Table of Contents
Protocol for comparison between sequencing (VCF) and chip data
In this project, we will establish an infrastructure and will cross-check the genotypic data generated by BGI with the data already available GWA scans (DNA chips).
Summary
Status: under development
Contributors: Yurii, Lennart, Elisa
Timeline: end Sep 2010 - end Dec 2010
Resources: BI/data manager/programmer at 0.75 fte (the same as the one on MendelianQcPipeline) + experienced supervisor at 0.1 fte (the same as the one on MendelianQcPipeline)
Depends on: availability of VCF data
Other projects depending on this: MendelianQcPipeline (soft), all projects which start with QC'ed data (e.g. all WP2 projects)
Aims and Deliverables
- Establish custom pipeline for Chip-based QC.
- Verify the identity of the DNA samples
- Check quality of sequence data.
- Identify factors affecting quality of sequencing (e.g. batch effects).

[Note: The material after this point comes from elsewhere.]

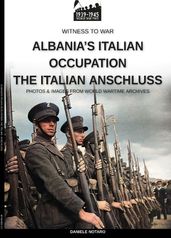 Albania s Italian occupation - The Italian Anschluss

- Establish (preliminary) thresholds of quality metrics maximizing sensitivity and specificity of genotype calling.
- Using above thresholds, establish the false-positive and false-negative rates for variants discovered in our study (if we do not take trio structure into account).
- Check if these rates are in agreement with theoretically expected (thus we do not miss any important experimental factor).
- In accord with MendelianQcPipeline, provide QC'ed data
Idea
A principal idea of what questions should be addressed (without saying how) is summarized in ChipBasedQcPipelineIdea.
A number of 'burning' questions need to be addressed before the idea can be considered finished. These include
- What format will be used for/by Chip data (ChipGtDataFormat)?
- What factors, potentially affecting or indicating the quality of sequencing data (FactorsRelatedToSeqDataQuality), are to be addressed in the QC?
Workflow
Automated workflow (will be) provided in ChipBasedQcPipelineWorkflow? page.